Evaluate $\displaystyle\int_1^3 \frac{1}{x}\,dx$. Since $\int \tfrac{1}{x}\,dx = \ln|x|$,

$\int_1^3 \frac{1}{x}\,dx = \big[\ln|x|\big]_1^3 = \ln 3 - \ln 1 = \ln 3 - 0 = \ln 3.$

An exponential

Evaluate $\displaystyle\int_4^5 a^x\,dx$. Using $\int a^x\,dx = \dfrac{a^x}{\ln a}$,

$\int_4^5 a^x\,dx = \left[\frac{a^x}{\ln a}\right]_4^5 = \frac{a^5 - a^4}{\ln a}.$

Using a standard formula

Evaluate $\displaystyle\int_2^3 \frac{dx}{x^2 - 1}$. Here $x^2 - 1 = x^2 - 1^2$, so use

$\int \frac{dx}{x^2 - a^2} = \frac{1}{2a}\,\ln\left|\frac{x - a}{x + a}\right|,$

with $a = 1$:

$\int_2^3 \frac{dx}{x^2 - 1} = \frac{1}{2}\left[\ln\left|\frac{x - 1}{x + 1}\right|\right]_2^3.$

Upper limit $x=3$: $\ln\dfrac{2}{4} = \ln\dfrac{1}{2}$. Lower limit $x=2$: $\ln\dfrac{1}{3}$. So

$\frac{1}{2}\left(\ln\frac{1}{2} - \ln\frac{1}{3}\right) = \frac{1}{2}\ln\frac{1/2}{1/3} = \frac{1}{2}\ln\frac{3}{2}.$

A quotient by partial fractions

Evaluate $\displaystyle\int_1^2 \frac{x}{(x+1)(x+2)}\,dx$. Write

$\frac{x}{(x+1)(x+2)} = \frac{A}{x+1} + \frac{B}{x+2},$

so $x = A(x+2) + B(x+1)$.

Find $B$ (put $x = -2$): $-2 = B(-1)$, hence $B = 2$.

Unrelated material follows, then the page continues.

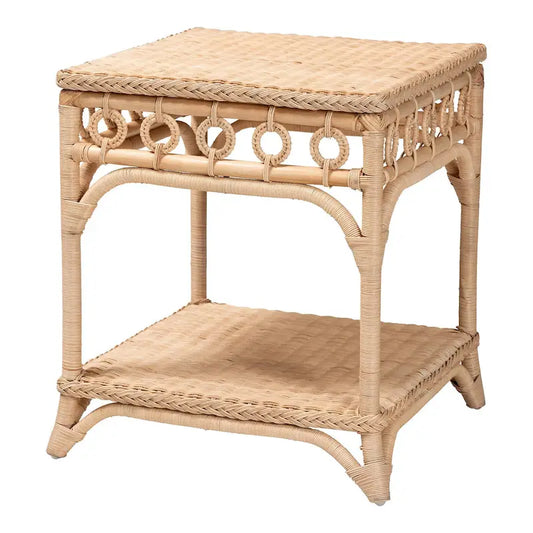 Oxford Braided Natural Rattan End Table with Shelf - Boho Table with Loop Detailing, Coastal Style for Living Room or Bedroom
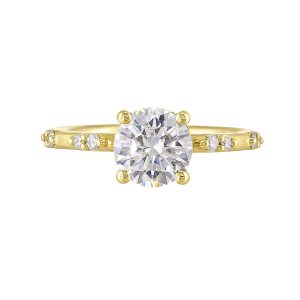 14Kt Yellow Semi Mount 1/6Ctw For 1 1/2Ct Round Center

Find $A$ (put $x = -1$): $-1 = A(1)$, hence $A = -1$.

Therefore

$\int_1^2 \frac{x}{(x+1)(x+2)}\,dx = \int_1^2 \left(\frac{-1}{x+1} + \frac{2}{x+2}\right)dx = \big[-\ln|x+1| + 2\ln|x+2|\big]_1^2.$

Applying the limits,

$(-\ln 3 + 2\ln 4) - (-\ln 2 + 2\ln 3) = -\ln 3 + \ln 16 + \ln 2 - \ln 9.$

Collecting, $\ln(2 \cdot 16) - \ln(3 \cdot 9) = \ln 32 - \ln 27 = \ln\dfrac{32}{27}.$

Integration by parts

Evaluate $\displaystyle\int_0^1 x\,e^x\,dx$. By parts, taking $x$ as the first function and $e^x$ as the second,

$\int x\,e^x\,dx = x\,e^x - \int 1 \cdot e^x\,dx = x\,e^x - e^x = e^x(x - 1).$

Applying the limits,

$\int_0^1 x\,e^x\,dx = \big[e^x(x - 1)\big]_0^1 = e^1(1 - 1) - e^0(0 - 1) = 0 - (-1) = 1.$

By substitution

Evaluate $\displaystyle\int_1^2 \frac{x}{x^2 + 1}\,dx$. Let $t = x^2 + 1$, so $dt = 2x\,dx$, giving $x\,dx = \tfrac{1}{2}\,dt$.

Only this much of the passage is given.